Thursday 20 July 2017

Over There!

George M Cohan - Over There
Over There!, John Ireland, Ivor Gurney, Ian Venables, Herbert Howells & popular songs; Richard Bryan, Katie Bray, Nick Pritchard, Craig Colclough, Louise Williams, William Vann; London English Song Festival at Wilton's Music Hall
Reviewed by Robert Hugill on Jul 19 2017
Star rating: 4.5

Powerful musical evocation of the entry of the USA into World War One

With Over There! the London English Song Festival returned to Wilton's Music Hall for a further programme exploring World War One through music and readings, this time combining popular song and art songs themed around the entry of the USA into the war in 1917. Pianist William Vann, artistic director of the London English Song Festival, was joined by mezzo-soprano Katie Bray, tenor Nick Pritchard, baritone Craig Colclough, viola player Louise Williams and reader Richard Bryan for a programme which included popular song by George M Cohan, George Fairman, Ed Nelson & Will Hart, and art songs by John Ireland, Ivor Gurney, Charles Ives, and Ian Venables. As with their 2016 programme Songs of the Somme! (see my review), this was a staged recital with the three singers in military fatigues.


We opened with Woodrow Wilson's speech to Congress on 2 April 1917 taking the USA into the war underscored with The Star Spangled Banner on the piano, followed by a sequence of popular songs which captured the upbeat mood, the most famous being George Cohan's Over There, but also George Fairman's I don't know where I'm going but I'm on my way and Ed Nelson & Will Hart's delightful When Yankee Doddle learns to parlez-vois Francais.

There followed a section which explored the British experience, with settings of Rupert Brooke and Edward Thomas, and a reading of Alan Seeger's moving I have a Rendez-vous with Death. Rupert Brooke's The Soldier and Edward Thomas' Lights Out are such well-known, powerful poems that I had the rather unworthy thought that neither John Ireland's setting of The Soldier nor Ivor Gurney's setting of Lights Out completely captured the mood of the poem.

Intriguingly Charles Ives was present in a trio of songs which he wrote during the war, which moved from the sentimental In Flanders Fields (setting John McCrae) through to poignant Tom Sails away to the down-right upbeat He is there, though this latter was probably intended as an ironic comment on the jingoism of war and that was how the song was staged, the extreme contrast between the upbeat mood of the song and the realities of experience in the trenches.

It was this reality which dominated the final sections of the evening, with John Ireland's In boyhood paired with his piano solo For Remembrance and Wilfred Owen's poem Strange Meeting, far longer and darker than the version set by Britten in his War Requiem.

Ian Venables Suicide in the Trenches setting Siegfried Sassoon, and If you forget setting Geoffrey S Kennedy (both with viola from Louise Williams) provided a powerful modern take on the futility of war, complemented by John Ireland's A Garrison Churchyard and The Cost. The evening ended with an excerpt from Howells Elegy for viola and piano, and Wilfred Owen's Anthem for Doomed Youth.

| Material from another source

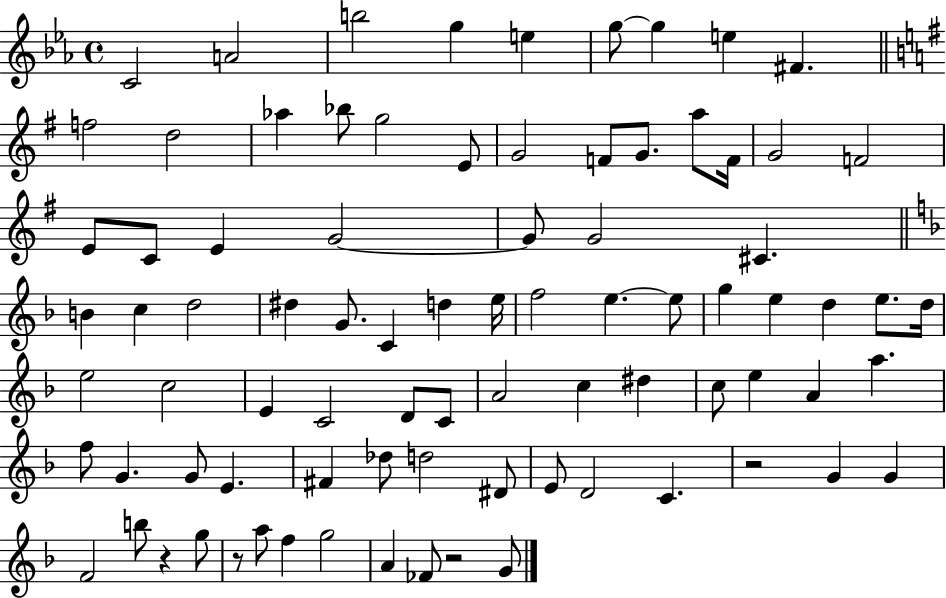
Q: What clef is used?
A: treble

This was a powerful and movement evening, with the choice of songs and readings providing interesting counterpoints and the arc of the drama progressed from American idealism through to ultimate disillusion. All performers gave strong, highly involved performances with the singers sharing the songs between them and remaining involved and in the moment even when not singing.

As well as the three public performances (the final one is tonight, 20 July 2017), there are two schools matinees and an Eductional Matinee Cover Art Competition with the winner's design printed in the programme.